===== EXCERPTED RECORDS

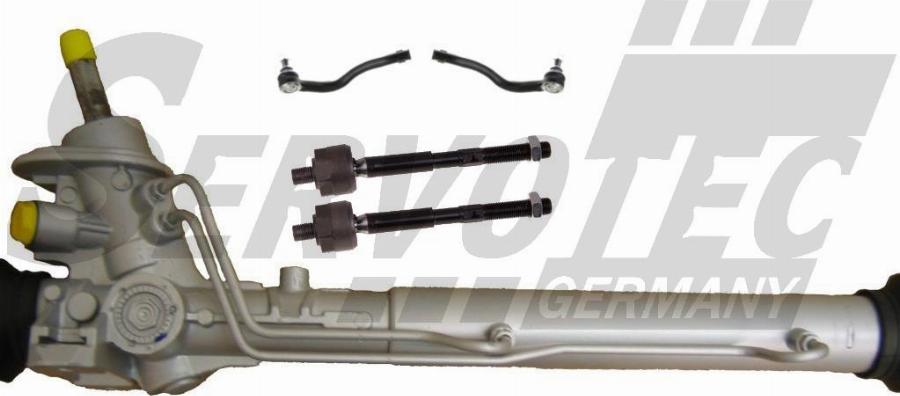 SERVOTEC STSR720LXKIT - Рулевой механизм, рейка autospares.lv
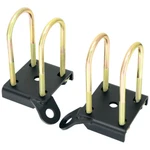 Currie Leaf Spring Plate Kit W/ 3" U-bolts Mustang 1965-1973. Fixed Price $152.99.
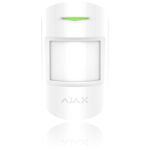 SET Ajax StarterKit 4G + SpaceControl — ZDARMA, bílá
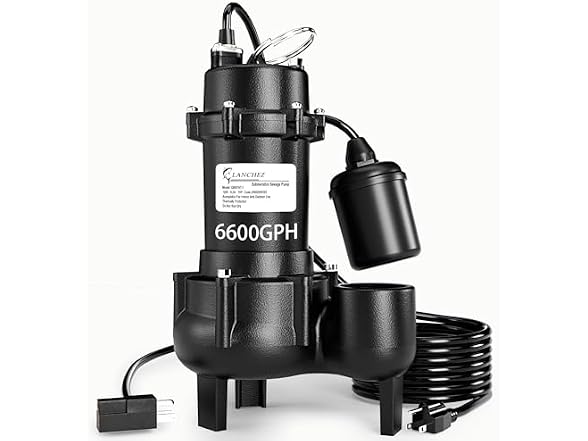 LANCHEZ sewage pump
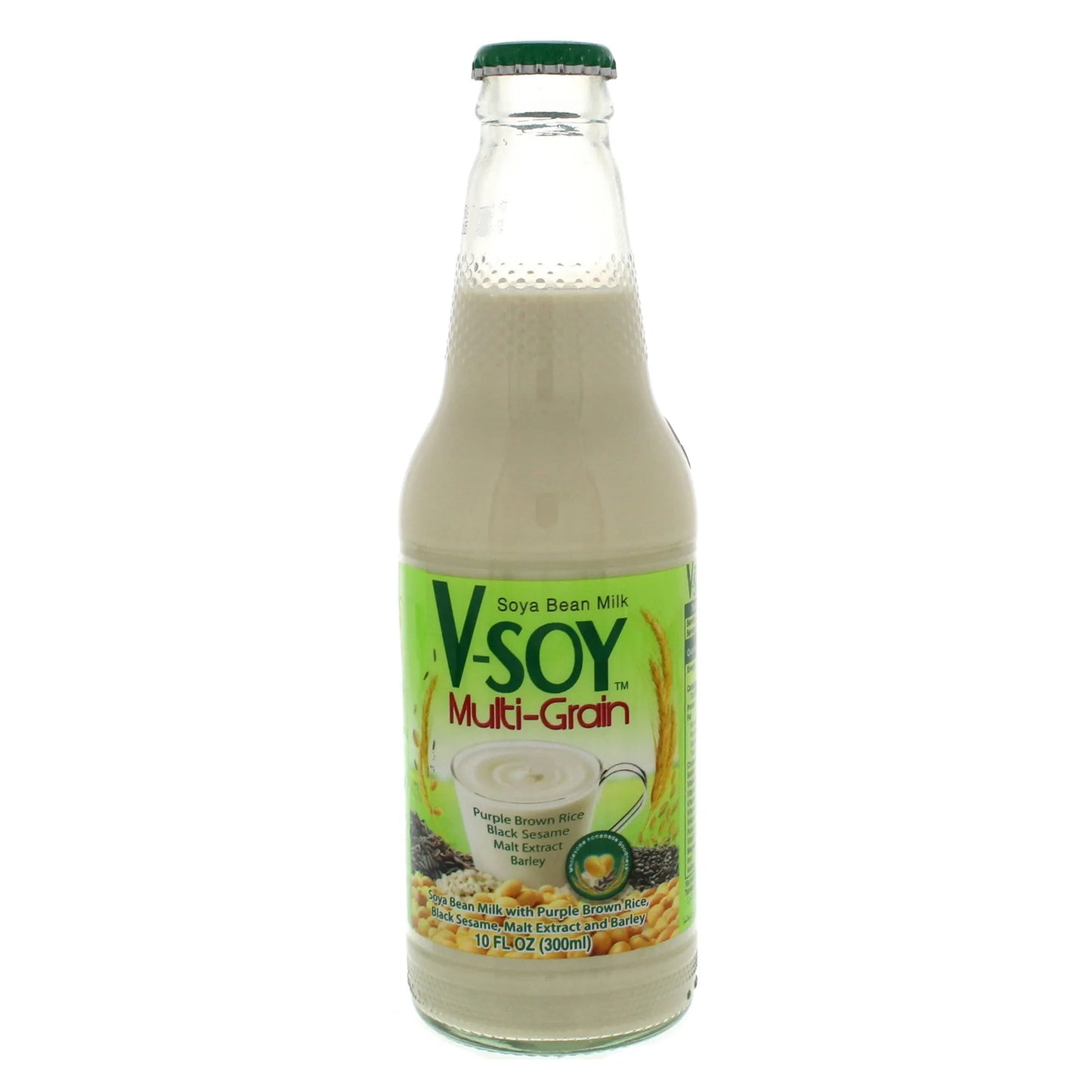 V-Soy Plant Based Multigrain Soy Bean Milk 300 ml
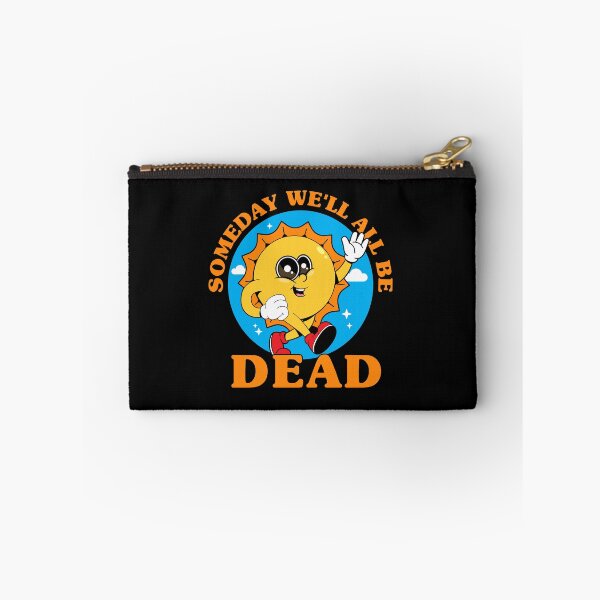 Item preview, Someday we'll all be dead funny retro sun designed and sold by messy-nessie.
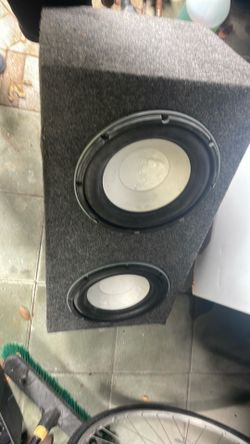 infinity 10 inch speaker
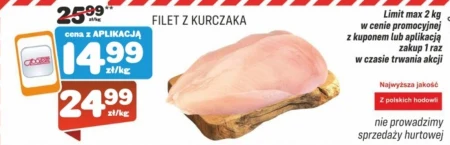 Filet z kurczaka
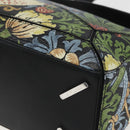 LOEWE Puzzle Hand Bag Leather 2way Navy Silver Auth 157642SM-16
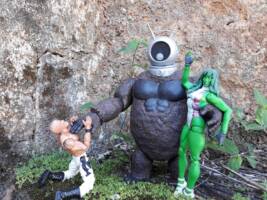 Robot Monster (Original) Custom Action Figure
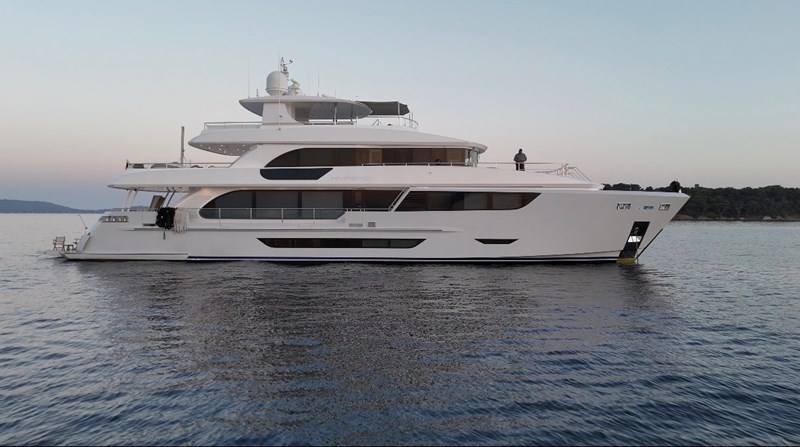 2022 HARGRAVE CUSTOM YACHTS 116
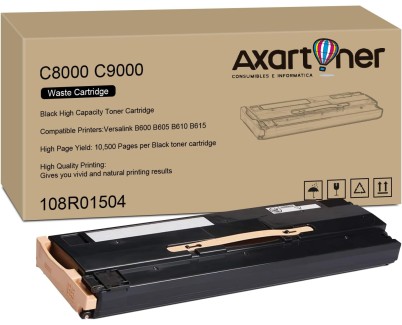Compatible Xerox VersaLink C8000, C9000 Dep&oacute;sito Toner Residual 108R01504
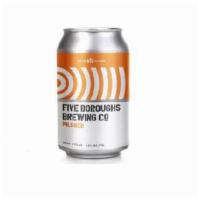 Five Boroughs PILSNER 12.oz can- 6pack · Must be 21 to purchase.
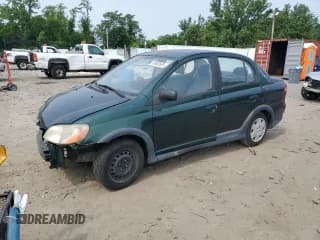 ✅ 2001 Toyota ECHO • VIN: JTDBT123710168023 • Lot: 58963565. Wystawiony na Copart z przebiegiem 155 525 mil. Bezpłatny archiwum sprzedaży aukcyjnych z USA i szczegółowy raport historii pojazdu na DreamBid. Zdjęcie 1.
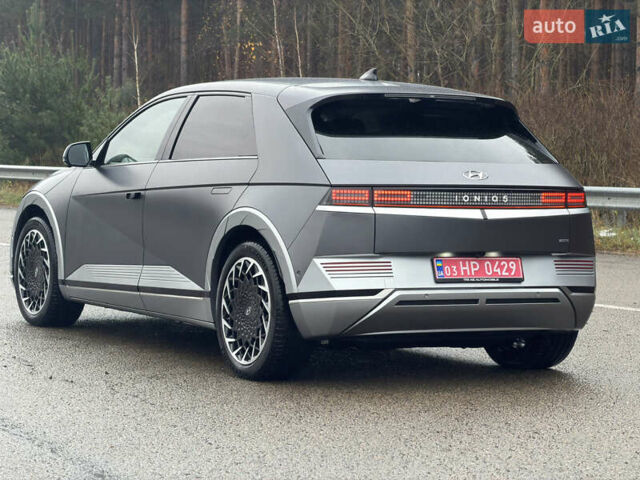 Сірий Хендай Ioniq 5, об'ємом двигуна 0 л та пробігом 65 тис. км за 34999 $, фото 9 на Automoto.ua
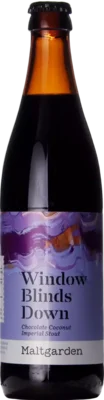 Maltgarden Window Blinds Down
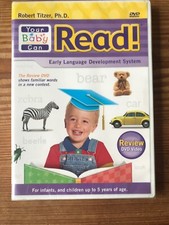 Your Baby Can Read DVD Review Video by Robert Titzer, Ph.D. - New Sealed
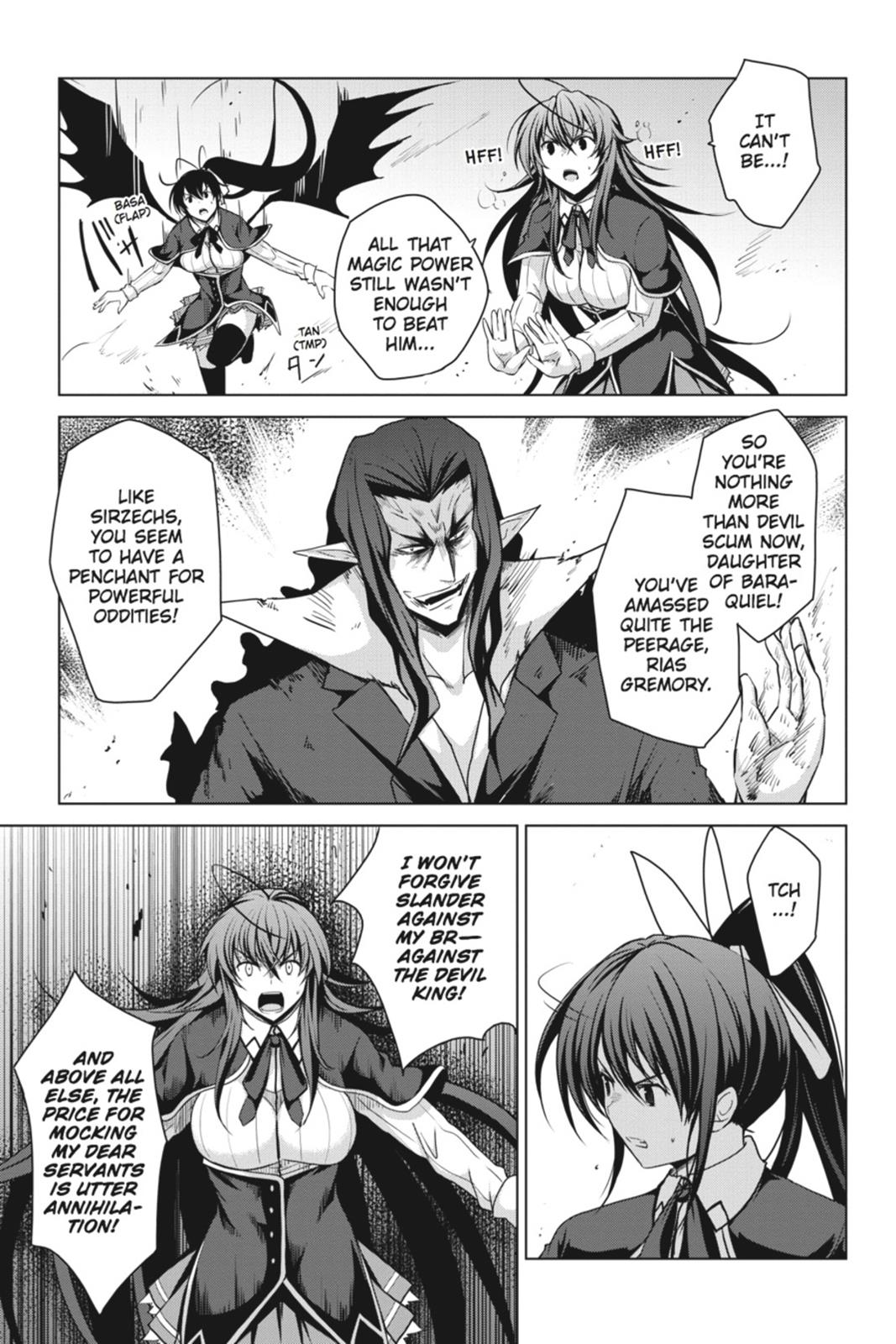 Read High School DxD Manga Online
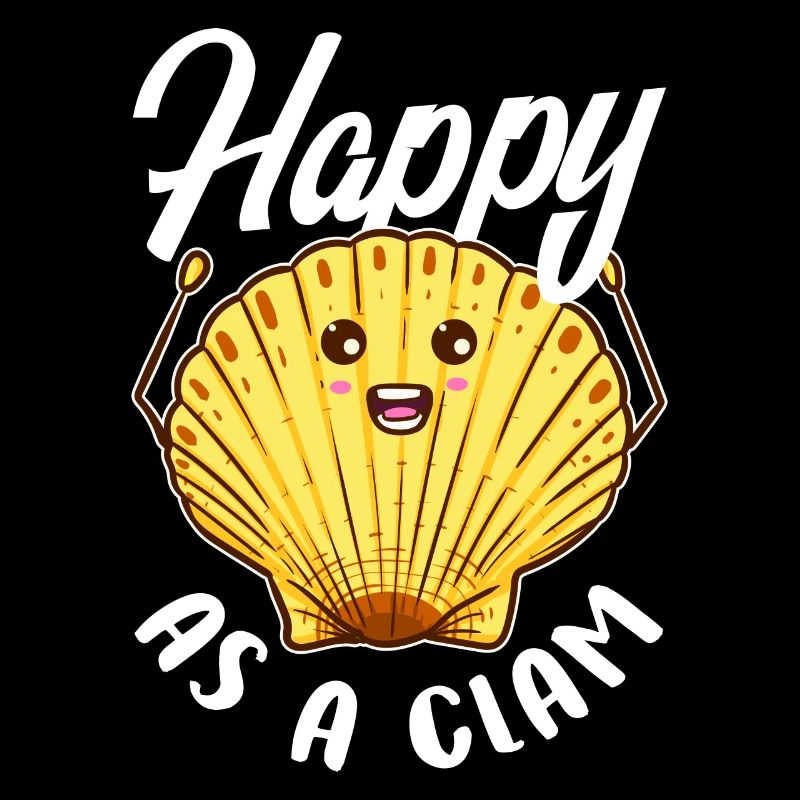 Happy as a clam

==========

» WHAT YOU WILL DO: Beginning with the line where "DreamBid. Zdjęcie 1." appears, transcribe the records above word for word through their last line, and include no pictures.

» ANSWER:
 ✅ 2001 Toyota ECHO • VIN: JTDBT123710168023 • Lot: 58963565. Wystawiony na Copart z przebiegiem 155 525 mil. Bezpłatny archiwum sprzedaży aukcyjnych z USA i szczegółowy raport historii pojazdu na DreamBid. Zdjęcie 1.
 Сірий Хендай Ioniq 5, об'ємом двигуна 0 л та пробігом 65 тис. км за 34999 $, фото 9 на Automoto.ua
 Maltgarden Window Blinds Down
 Your Baby Can Read DVD Review Video by Robert Titzer, Ph.D. - New Sealed
 Read High School DxD Manga Online
 Happy as a clam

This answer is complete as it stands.